Short web captions =
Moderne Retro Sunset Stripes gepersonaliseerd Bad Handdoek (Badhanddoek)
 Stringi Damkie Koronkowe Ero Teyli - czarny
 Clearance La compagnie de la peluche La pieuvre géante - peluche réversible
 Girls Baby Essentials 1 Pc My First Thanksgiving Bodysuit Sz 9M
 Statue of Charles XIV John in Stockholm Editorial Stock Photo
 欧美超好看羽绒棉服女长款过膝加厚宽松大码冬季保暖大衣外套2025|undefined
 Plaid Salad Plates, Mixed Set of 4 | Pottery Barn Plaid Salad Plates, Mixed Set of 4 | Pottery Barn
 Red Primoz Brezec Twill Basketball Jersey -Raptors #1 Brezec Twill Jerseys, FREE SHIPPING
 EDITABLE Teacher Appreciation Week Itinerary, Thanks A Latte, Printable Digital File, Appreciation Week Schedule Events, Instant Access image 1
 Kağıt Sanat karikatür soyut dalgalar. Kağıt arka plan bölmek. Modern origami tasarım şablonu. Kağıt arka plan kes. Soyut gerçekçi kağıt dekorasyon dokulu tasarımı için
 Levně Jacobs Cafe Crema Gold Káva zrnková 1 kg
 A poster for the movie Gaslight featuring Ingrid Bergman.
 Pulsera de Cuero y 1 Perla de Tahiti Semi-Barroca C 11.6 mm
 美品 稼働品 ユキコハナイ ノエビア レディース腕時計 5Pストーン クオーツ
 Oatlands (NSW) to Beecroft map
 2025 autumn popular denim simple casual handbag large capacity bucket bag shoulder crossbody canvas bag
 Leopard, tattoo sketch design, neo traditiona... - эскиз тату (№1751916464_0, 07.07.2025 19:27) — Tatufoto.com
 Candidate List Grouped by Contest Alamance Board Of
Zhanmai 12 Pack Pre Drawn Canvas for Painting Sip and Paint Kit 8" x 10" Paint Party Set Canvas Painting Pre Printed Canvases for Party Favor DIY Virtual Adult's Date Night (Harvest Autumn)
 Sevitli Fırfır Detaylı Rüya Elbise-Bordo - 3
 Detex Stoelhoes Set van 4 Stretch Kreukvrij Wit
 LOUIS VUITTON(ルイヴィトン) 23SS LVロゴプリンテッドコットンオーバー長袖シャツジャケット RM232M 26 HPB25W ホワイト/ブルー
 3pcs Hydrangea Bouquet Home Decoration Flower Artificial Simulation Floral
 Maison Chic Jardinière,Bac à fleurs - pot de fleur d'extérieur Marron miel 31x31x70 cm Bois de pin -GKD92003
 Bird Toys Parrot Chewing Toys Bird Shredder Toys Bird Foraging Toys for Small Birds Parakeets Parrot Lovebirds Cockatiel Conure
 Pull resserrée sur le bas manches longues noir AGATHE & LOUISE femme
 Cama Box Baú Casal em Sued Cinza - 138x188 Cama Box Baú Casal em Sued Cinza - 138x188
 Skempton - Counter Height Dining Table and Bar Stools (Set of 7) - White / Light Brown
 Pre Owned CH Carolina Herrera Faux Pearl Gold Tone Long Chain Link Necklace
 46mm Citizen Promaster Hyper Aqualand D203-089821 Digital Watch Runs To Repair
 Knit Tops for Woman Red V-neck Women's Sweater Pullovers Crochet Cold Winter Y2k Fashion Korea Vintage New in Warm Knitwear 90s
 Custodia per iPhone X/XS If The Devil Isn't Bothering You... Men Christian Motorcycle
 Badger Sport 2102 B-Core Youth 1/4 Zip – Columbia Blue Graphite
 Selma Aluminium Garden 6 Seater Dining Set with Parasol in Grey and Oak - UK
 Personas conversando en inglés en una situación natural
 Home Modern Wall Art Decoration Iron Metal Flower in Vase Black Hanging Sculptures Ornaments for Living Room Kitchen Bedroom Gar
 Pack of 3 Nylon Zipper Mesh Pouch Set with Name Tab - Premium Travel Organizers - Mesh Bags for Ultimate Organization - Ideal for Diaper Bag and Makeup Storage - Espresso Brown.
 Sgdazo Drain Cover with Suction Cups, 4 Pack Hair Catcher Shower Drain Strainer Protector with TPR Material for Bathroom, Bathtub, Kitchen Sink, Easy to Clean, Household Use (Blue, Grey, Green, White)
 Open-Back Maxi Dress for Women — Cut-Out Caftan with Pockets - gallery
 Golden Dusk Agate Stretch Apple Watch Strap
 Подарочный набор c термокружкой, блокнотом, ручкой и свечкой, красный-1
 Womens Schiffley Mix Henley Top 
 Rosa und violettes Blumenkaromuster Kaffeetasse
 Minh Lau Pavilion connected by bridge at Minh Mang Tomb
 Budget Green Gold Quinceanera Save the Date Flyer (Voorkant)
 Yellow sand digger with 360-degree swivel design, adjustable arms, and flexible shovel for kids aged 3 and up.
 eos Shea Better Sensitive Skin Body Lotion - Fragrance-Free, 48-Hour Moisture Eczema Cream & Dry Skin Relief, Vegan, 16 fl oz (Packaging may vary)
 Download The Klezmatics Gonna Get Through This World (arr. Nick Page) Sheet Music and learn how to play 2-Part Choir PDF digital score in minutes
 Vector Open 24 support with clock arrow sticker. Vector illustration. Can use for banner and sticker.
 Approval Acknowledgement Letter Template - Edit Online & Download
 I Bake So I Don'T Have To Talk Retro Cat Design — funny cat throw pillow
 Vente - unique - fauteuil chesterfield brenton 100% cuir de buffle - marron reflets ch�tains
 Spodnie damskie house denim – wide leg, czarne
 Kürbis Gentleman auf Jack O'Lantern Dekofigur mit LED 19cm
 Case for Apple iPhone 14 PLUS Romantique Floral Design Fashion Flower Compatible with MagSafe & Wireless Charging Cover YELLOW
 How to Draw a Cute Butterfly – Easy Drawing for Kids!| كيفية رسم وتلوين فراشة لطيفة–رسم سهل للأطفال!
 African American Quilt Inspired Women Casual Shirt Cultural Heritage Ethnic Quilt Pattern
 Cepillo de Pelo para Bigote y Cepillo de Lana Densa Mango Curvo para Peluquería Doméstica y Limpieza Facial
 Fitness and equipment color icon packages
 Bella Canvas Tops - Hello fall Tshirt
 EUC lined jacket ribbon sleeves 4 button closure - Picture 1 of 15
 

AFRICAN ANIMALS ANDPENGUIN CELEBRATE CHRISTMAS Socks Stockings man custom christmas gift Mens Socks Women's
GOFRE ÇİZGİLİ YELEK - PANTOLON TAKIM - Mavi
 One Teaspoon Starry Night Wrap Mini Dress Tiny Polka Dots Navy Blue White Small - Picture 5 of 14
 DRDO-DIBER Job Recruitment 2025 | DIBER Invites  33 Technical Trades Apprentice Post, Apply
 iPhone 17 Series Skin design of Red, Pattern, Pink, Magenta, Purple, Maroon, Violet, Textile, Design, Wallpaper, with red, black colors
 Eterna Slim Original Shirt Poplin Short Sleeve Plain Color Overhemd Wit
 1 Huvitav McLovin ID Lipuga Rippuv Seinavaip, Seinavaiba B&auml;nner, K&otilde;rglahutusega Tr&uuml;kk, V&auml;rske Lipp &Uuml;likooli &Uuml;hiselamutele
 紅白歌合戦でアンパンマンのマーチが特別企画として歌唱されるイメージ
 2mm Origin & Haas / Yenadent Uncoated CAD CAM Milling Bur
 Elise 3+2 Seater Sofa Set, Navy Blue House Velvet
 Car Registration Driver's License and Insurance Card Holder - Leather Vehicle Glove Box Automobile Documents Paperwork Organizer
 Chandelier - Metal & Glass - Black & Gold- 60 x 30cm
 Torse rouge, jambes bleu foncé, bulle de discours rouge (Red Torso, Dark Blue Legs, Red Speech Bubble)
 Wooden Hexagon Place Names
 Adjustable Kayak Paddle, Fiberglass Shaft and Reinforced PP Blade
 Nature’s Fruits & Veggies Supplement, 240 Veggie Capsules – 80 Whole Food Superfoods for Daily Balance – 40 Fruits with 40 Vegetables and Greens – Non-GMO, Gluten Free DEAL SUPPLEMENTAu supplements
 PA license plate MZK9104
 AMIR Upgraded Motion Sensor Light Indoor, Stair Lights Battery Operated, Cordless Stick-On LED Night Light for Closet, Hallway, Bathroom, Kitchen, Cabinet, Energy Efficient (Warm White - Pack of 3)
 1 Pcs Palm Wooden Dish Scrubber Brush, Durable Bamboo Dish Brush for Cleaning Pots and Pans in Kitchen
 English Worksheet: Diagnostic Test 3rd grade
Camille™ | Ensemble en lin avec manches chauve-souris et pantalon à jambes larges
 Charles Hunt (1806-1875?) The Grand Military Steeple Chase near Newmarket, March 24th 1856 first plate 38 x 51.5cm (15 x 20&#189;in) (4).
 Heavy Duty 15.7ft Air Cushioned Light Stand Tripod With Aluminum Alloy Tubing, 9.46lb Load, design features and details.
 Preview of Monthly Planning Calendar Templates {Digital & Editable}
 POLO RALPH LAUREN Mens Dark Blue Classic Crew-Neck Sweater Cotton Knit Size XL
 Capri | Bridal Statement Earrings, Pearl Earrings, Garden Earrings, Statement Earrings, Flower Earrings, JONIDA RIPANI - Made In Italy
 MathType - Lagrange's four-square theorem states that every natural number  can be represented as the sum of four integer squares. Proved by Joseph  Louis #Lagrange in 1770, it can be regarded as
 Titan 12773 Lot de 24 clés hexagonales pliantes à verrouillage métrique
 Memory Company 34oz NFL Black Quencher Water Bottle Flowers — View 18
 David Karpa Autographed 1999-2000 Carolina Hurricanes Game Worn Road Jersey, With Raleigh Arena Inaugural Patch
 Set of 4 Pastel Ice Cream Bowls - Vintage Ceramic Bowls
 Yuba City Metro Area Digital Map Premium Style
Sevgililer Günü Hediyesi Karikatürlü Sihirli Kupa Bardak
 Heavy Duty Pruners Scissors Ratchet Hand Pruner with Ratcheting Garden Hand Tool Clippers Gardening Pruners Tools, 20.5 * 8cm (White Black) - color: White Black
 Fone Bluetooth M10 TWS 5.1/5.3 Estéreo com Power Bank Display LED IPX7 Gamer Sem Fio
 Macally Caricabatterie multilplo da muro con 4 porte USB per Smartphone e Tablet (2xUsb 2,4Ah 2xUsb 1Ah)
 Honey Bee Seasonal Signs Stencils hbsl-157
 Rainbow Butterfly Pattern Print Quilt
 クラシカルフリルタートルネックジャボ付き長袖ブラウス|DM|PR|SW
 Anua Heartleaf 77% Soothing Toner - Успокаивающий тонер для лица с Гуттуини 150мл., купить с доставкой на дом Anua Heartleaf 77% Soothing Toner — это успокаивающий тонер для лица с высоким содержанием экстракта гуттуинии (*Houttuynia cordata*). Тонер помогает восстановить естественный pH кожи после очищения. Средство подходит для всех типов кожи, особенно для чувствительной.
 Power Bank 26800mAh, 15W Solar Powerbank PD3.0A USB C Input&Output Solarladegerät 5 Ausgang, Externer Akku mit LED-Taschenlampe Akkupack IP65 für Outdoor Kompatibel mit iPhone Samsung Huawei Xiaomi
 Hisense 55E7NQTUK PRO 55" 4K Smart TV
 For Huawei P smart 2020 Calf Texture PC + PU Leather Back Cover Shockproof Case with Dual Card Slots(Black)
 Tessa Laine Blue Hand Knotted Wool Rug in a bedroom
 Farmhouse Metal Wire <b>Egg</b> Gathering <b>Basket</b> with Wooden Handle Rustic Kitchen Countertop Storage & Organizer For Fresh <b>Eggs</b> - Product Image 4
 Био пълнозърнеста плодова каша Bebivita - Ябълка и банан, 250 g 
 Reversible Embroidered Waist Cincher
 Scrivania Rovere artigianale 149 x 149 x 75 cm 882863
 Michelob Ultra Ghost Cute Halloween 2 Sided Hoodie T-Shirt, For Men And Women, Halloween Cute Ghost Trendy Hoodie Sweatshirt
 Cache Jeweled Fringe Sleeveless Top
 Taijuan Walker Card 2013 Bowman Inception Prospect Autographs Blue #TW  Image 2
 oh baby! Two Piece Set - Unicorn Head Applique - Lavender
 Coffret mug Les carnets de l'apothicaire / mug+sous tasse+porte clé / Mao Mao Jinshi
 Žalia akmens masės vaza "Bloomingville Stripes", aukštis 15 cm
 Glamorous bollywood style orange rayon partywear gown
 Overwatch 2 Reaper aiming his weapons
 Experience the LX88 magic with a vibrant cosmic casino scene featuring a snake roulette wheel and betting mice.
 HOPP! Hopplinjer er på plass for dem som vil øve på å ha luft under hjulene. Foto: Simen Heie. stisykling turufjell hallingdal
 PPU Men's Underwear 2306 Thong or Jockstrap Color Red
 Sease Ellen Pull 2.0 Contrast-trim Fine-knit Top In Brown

ACTIVITY = The expected result is every line above containing the string "Grey".

ANSWER FOR THE TASK =
 Selma Aluminium Garden 6 Seater Dining Set with Parasol in Grey and Oak - UK
 Sgdazo Drain Cover with Suction Cups, 4 Pack Hair Catcher Shower Drain Strainer Protector with TPR Material for Bathroom, Bathtub, Kitchen Sink, Easy to Clean, Household Use (Blue, Grey, Green, White)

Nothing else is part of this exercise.